**Dataset content**.
+ + + +
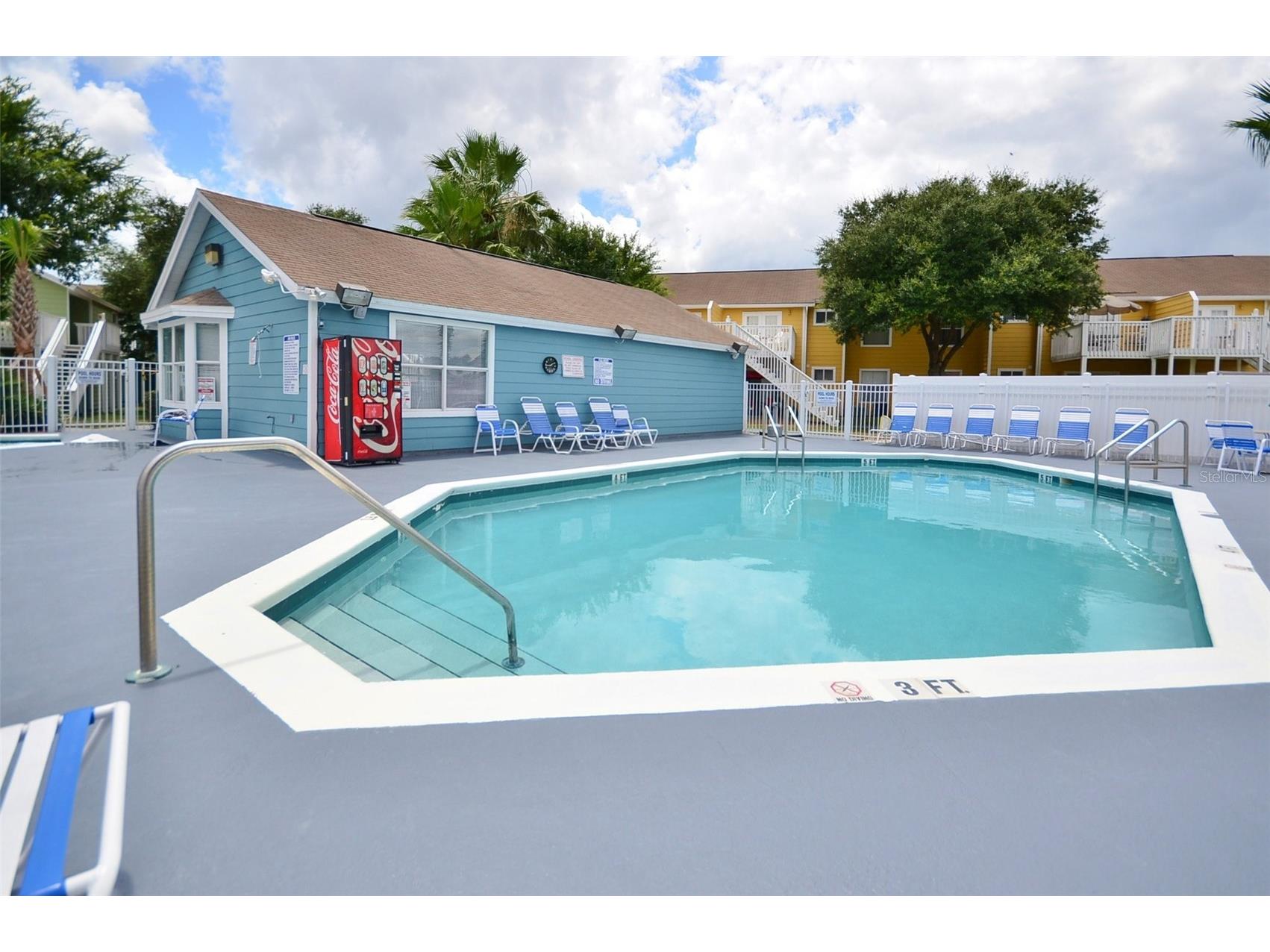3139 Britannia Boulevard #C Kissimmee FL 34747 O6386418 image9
+ + + +
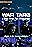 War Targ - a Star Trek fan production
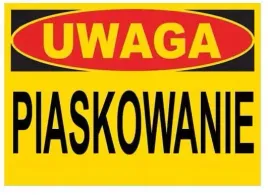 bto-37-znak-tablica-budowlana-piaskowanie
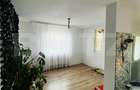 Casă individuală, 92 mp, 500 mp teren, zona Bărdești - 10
+ + + +
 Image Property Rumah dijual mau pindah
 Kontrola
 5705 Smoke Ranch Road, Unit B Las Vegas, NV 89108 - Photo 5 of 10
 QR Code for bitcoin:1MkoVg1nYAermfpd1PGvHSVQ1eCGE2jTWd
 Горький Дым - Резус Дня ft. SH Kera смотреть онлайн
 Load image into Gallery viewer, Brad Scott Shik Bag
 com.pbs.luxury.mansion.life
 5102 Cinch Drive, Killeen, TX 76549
+ + + +
**Problem description**. The listing above holds a line with "com.pbs.luxury.mansion.life" and a line with "5102 Cinch Drive, Killeen, TX 76549". Print the stretch from the first through the second, exactly and alone.

**Output for this task**.
 com.pbs.luxury.mansion.life
 5102 Cinch Drive, Killeen, TX 76549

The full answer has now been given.